In June of 2016, the night before the White House hosted its inaugural State of Women conference, I hosted a dinner. Around the table were 18 extraordinary advocates for women’s equality. It was the first time I’d shared the vision for The Helm publicly, and when one of our friends, now investors, Ruth Ann Harnisch stood up and spoke to why she believed the world needed us, she said it was because finance is the final frontier of feminism. She was right.
A year and a half later, we are excited to usher The Helm into the world. Through our membership community, fund, and content, we will connect you directly to the women and non-binary femme entrepreneurs whose companies, products, and innovations are shaping both our culture and our future.
For our inaugural issue — Women, Money, & Power — we are thrilled to have collaborated with powerhouse women at the helm of financial services, FinTech, and cryptocurrency. Women like the inimitable Sallie Krawcheck, whose refreshing and unforeseen candor about her history in banking and the future of financial feminism is deeply illuminating. She didn’t shy away from the personal, either. From panic attacks to prenups to navigating the role of being the breadwinner, it’s easy to see why her unabashed approach to work, life, and love lends itself to her overwhelming success.
Among the most thought-provoking pieces was Alyse Killeen’s examination of the ways in which cryptocurrency “favors the understanding and contribution of women.” Her take on collaboration as a hallmark of crypto also drew my attention to the symbiotic nature of this new currency and the resistance.
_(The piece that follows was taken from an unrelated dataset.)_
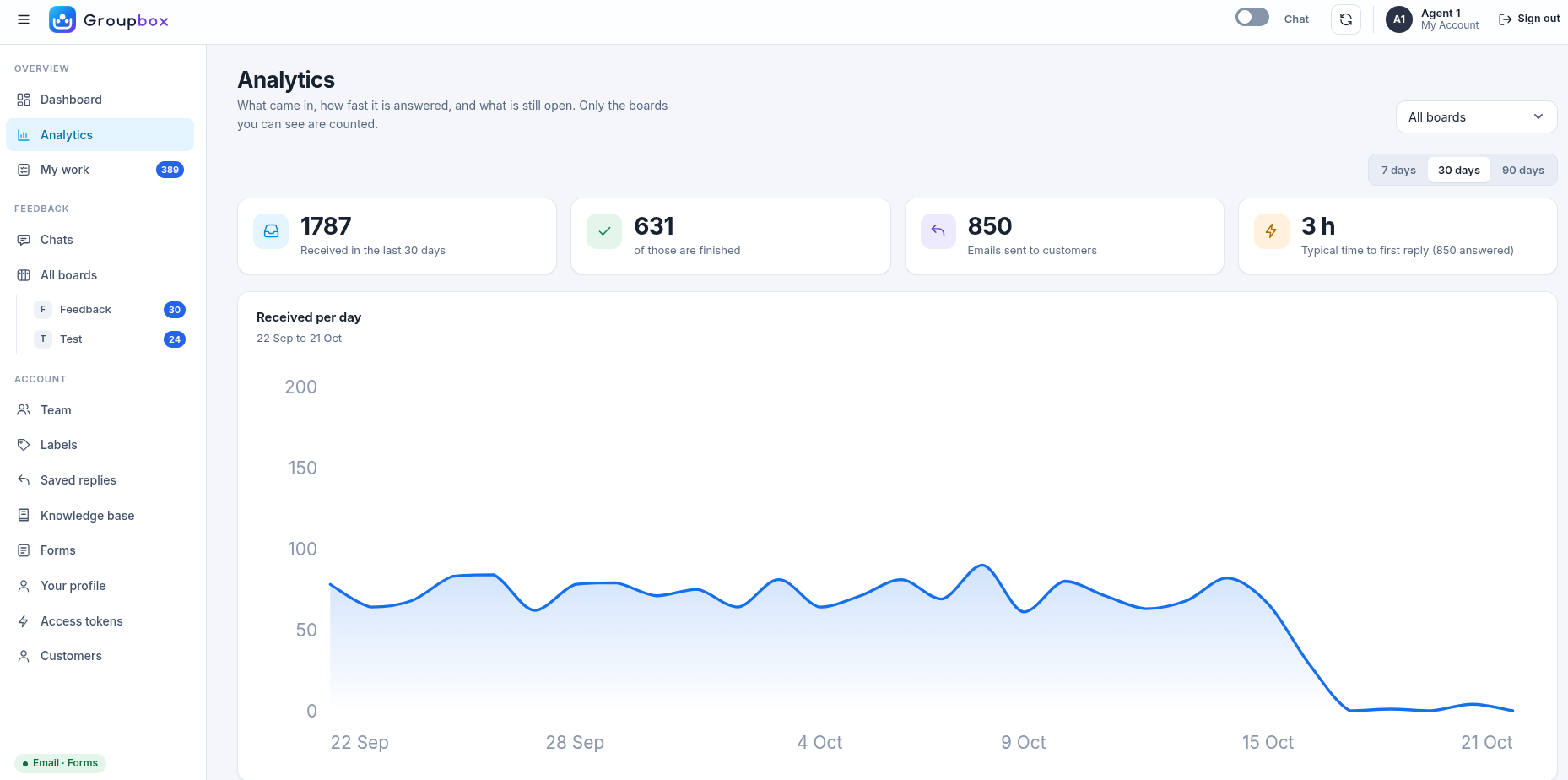 Groupbox analytics dashboard showing emails received, emails sent, typical time to first reply and a chart of messages received per day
It doesn’t feel accidental that the intersectional, decentralized, and democratic approach of bitcoin mirrors the movement. If anything, it made me appreciate its possibilities even more.
The Helm Managing Partner, Erin Shipley, took a deep dive into the new technologies, trends, and companies that are shaping our financial future with her column, Tech of the Town. Writer Ashley Ford, historian Alexis Coe, and illustrator Alessandra Genualdo lent a cultural perspective to the theme: Ashley through a touching money story, which ponders how the effects of how her family’s complicated relationship with money shaped her own; and Alexis and Alessandra via a historical timeline that spotlights the oft-overlooked heroines who furthered economic equality — and shows us just how much further we have to go.
To that end, the timeliness of this issue and The Helm at large cannot be underestimated. Money is power. And in order for women to accelerate progress across all areas of our lives, we must be willing to examine our own discomfort with both. I am, for example, particularly aware of the gendered nature of altruism. Why are we so eager to give but reticent to invest? Financial feminism, for us, isn’t just about purchasing power, or financial literacy, or pay equity — though each of these things is critical; it’s about architecting the future we want by investing in the companies that are going to get us there.
Just over 2% of all venture capital goes to female-founded companies. This means that, across industries, 98% of innovation is being driven by men. But what would happen if women decided they were going to take the 14 trillion in assets or the 85% of consumer spending they control domestically and invest even a fraction of that into women-led companies? We believe it would lead to the biggest political, cultural, and social shifts we’ve ever seen.
The time is now to change the way we invest in equality. We need to honor the women who have the courage to lead. We need to invest in them, make them visible, and provide them with the support they require to accomplish their goals.
That’s what we are doing at The Helm. And we invite you to join us.